Cream the sugar and shortening in a mixer until well blended.
Add the eggs, and continue to mix until the mixture is light and fluffy.
Add the vanilla and grated peel, and mix thoroughly.
Combine the dry ingredients in a separate bowl.
Gradually, add the dry ingredients to the creamed mixture, alternating with the teaspoons of milk.
Divide the mixture into half or quarters. Chill the dough for one hour.
Roll and cut cookies
Begin rolling out one cluster of dough at a time to about 1/8-inch thickness, leaving the remaining dough chilled until ready.

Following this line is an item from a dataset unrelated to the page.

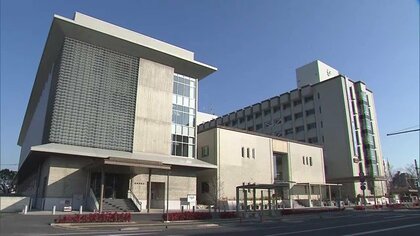 佐賀市の“防災情報メール”配信を停止　「不審なメールは開封しないで！」　運用会社のアルカディアに不正アクセス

Using the larger of the two cookie cutters, cut heart shapes in the dough. Then use the smaller cookie cutter to create a smaller heart cutout on half of the cookies. This will be the "window" for the jelly filling.
On the large heart shapes (without the cutout), spread a thin layer of jelly to cover, leaving about a 1/8-inch border from the edge.
Sprinkle a light coating of white sugar sprinkles on the plain heart-shaped cookies, if desired.
Bake
Place the cookies onto a greased cookie sheet or non-stick plan. (You can also opt to use parchment paper or a silicone mat.)
For the smaller heart shape cutouts, you can either leave them as smaller cookies or combine them with the remaining dough to continue making the larger heart cookies.
Bake the cookies for 8-12 minutes until they turn slightly golden.
Remove the cookies from the oven, place them on a cooling rack, and "sandwich" the plain heart and jelly heart. Sprinkle with more granulated sugar sprinkles, if desired.
Notes
Baking times will vary depending on the thickness of the cookie and cookie sheet used. I recommend aluminum cookie sheets for more even heating.